- [DATA EXCERPT]:
* * * *
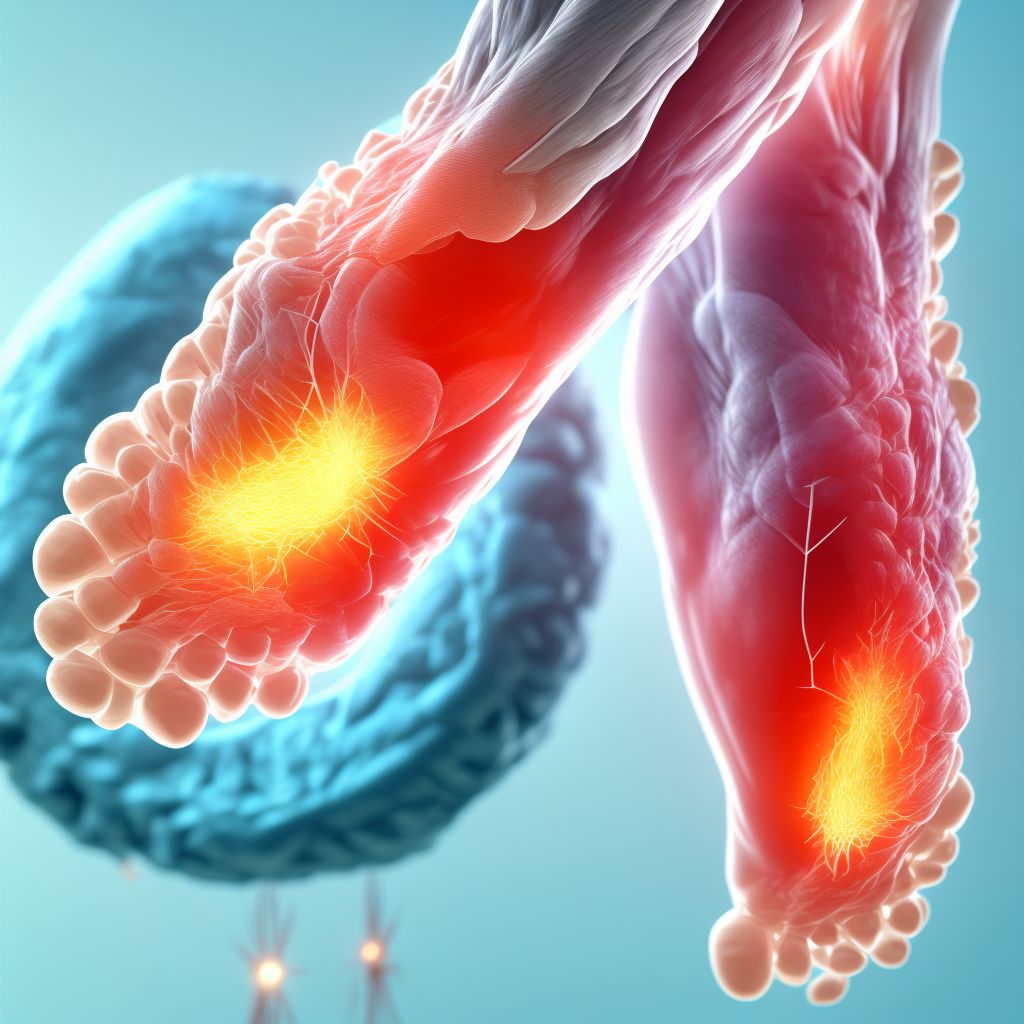 Other specified injury of muscle and tendon of long extensor muscle of toe at ankle and foot level, left foot digital illustration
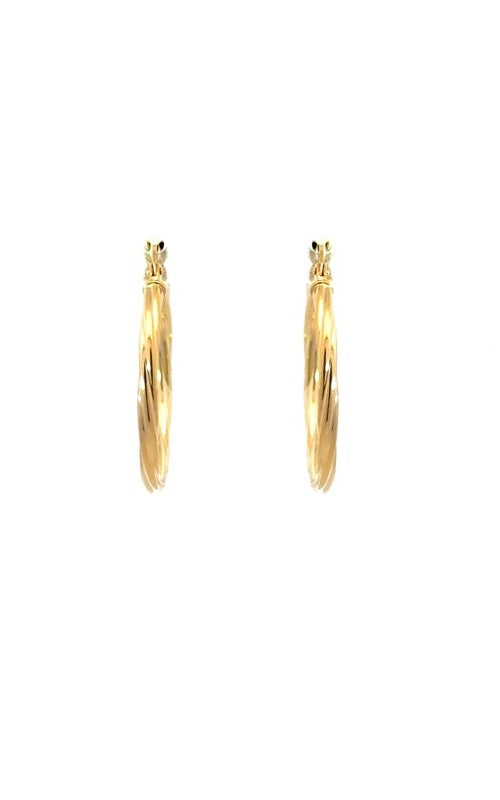 Pair of gold hoop earrings with a twisted, rope-like design.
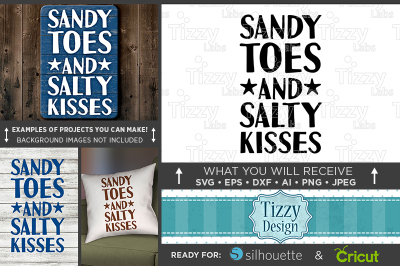 Sandy Toes and Salty Kisses Svg - Beach Decor - Beach Sign Svg - 685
* * * *
- [TASK GOAL]:
Since the listing holds pictures, return everything else in it exactly and omit those.

- [REPLY TO THE TASK]:
 Other specified injury of muscle and tendon of long extensor muscle of toe at ankle and foot level, left foot digital illustration
 Pair of gold hoop earrings with a twisted, rope-like design.
 Sandy Toes and Salty Kisses Svg - Beach Decor - Beach Sign Svg - 685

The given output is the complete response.